Mais ils avaient faim d'autre chose.

A travers les vitres couvertes de chiures de mouches des fenêtres sans volets, les lucioles blanches et dorées s'étaient allumées et envahissaient le ciel.

Moment d'éternité, silence, craquement du bois, glissements d'air sous les portes, aboiements de chiens qui se répondent et elle, nue, qui lui demande de lui offrir une étoile.

Et dans un geste fragile et élégant, Petit Prince d'un désert de pierres rudes, il décrocha une lumière pour la déposer sur son ventre d'ombres.

 

L'époque était toute autre, les valeurs établies, les mots avaient un sens et les êtres bousculés savaient se retrouver au milieu de la masse.
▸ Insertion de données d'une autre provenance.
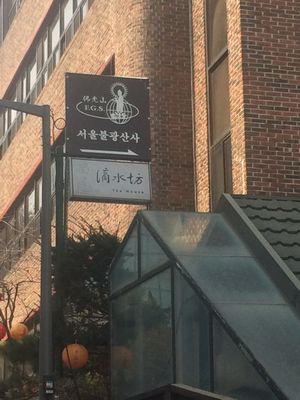 Go in here and walk down 2 flights of stairs. at Jeoksubang - 적수방 in Seoul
Les Beatles flambaient, Gainsbourg chantait l'érotisme d'une année, Brassens sa supplique et les guitares sèches menaient le dernier combat contre celles qui, électriques et obsédantes, embrassaient déjà l'avenir. Ce n'était plus tout à fait les "yéyés", pas encore le disco, c'était juste un creuset dans lequel les soubresauts de demain allaient faire exploser ce monde.

C'étaient deux gamins inconscients de ce qui les entourait, tellement soucieux de l'autre qu'ils ne voyaient pas cet univers de mutant qui frappait à leur porte.

Et dans les baisers qu'ils partageaient, dans les mots qu'ils déclinaient, poésie tendre et délicate, chuchotements intimes d'une renaissance, ils ne cessaient de se regarder comme si, par aventure, ils auraient pu, un jour, se perdre.